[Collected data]
|---|
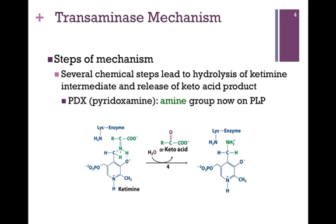In the next step, we have our ketimine intermediate, which is hydrolyzed to release our first keto acid product, leaving behind only the amine group of our amino acid substrate. You'll notice it is attached to that PLP cofactor. So now we've picked up that amine group we want to transfer.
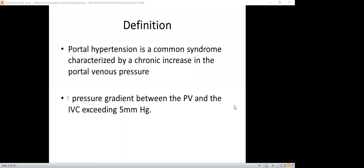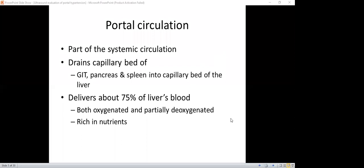Starting with the definition: portal hypertension is defined as a common syndrome characterized by a chronic increase in the portal venous pressure. This is an increase in pressure gradient between the portal vein and the IVC exceeding five millimeters of mercury. This is part of the systemic circulation, which drains the capillary beds of the GIT, pancreas, liver, and gallbladder. The portal circulation delivers about 75% of the liver's blood supply, which is rich in nutrients.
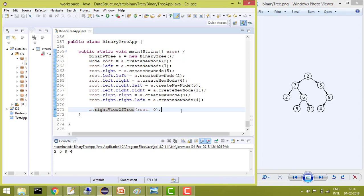Hey guys, welcome to coding simplified and today our aim is to print the right view of a binary tree.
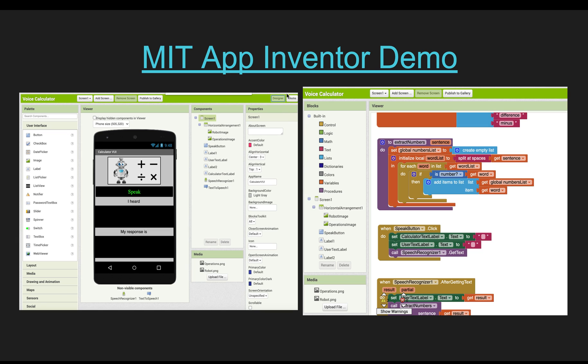When you click on the upper right blocks button, it will bring you to the actual coding interface. The language is completely blocks-based — it is like putting puzzle pieces together one by one. Because of the nature of these blocks, it is practically impossible to make syntax errors, and thus it is very attractive to beginning level coders.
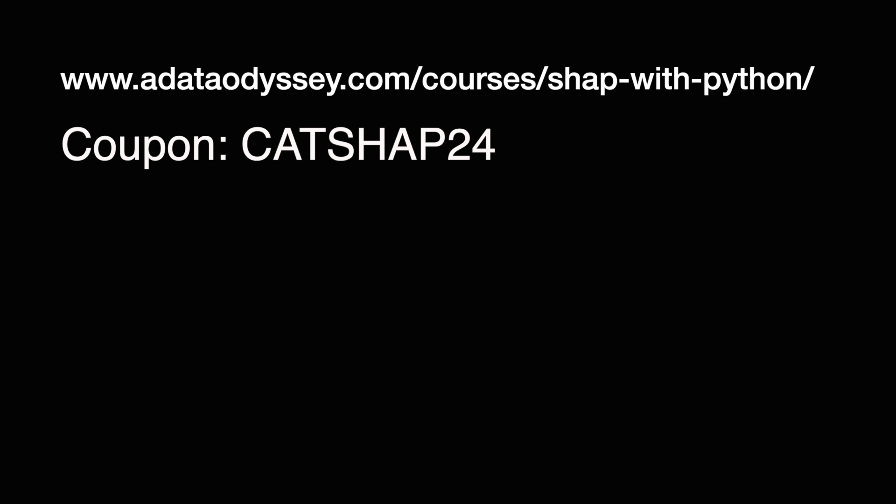And yeah I mentioned my SHAP course in the beginning of this lesson and yeah the first 20 people that use this coupon will get that course for free and then after that I'll set it at a discount for a while. But it's definitely a time-limited discount so get it while it lasts.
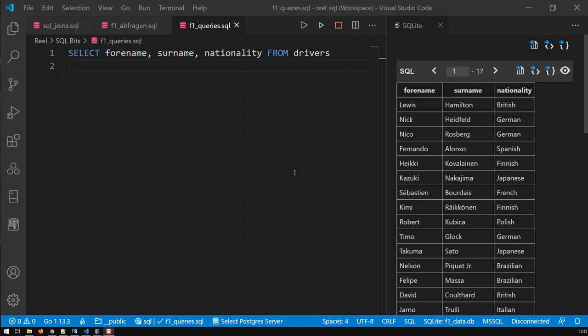Hi guys, in this video I'm going to show how the keyword IN works in SQL. Let's start with a simple query. Let's say I am seeking for drivers which are German, French, or Italian.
|---|
The lines from the one containing "And yeah I mentioned" through the last line of the records are what you should copy, word for word and nothing else, with pictures left out.

And yeah I mentioned my SHAP course in the beginning of this lesson and yeah the first 20 people that use this coupon will get that course for free and then after that I'll set it at a discount for a while. But it's definitely a time-limited discount so get it while it lasts.
Hi guys, in this video I'm going to show how the keyword IN works in SQL. Let's start with a simple query. Let's say I am seeking for drivers which are German, French, or Italian.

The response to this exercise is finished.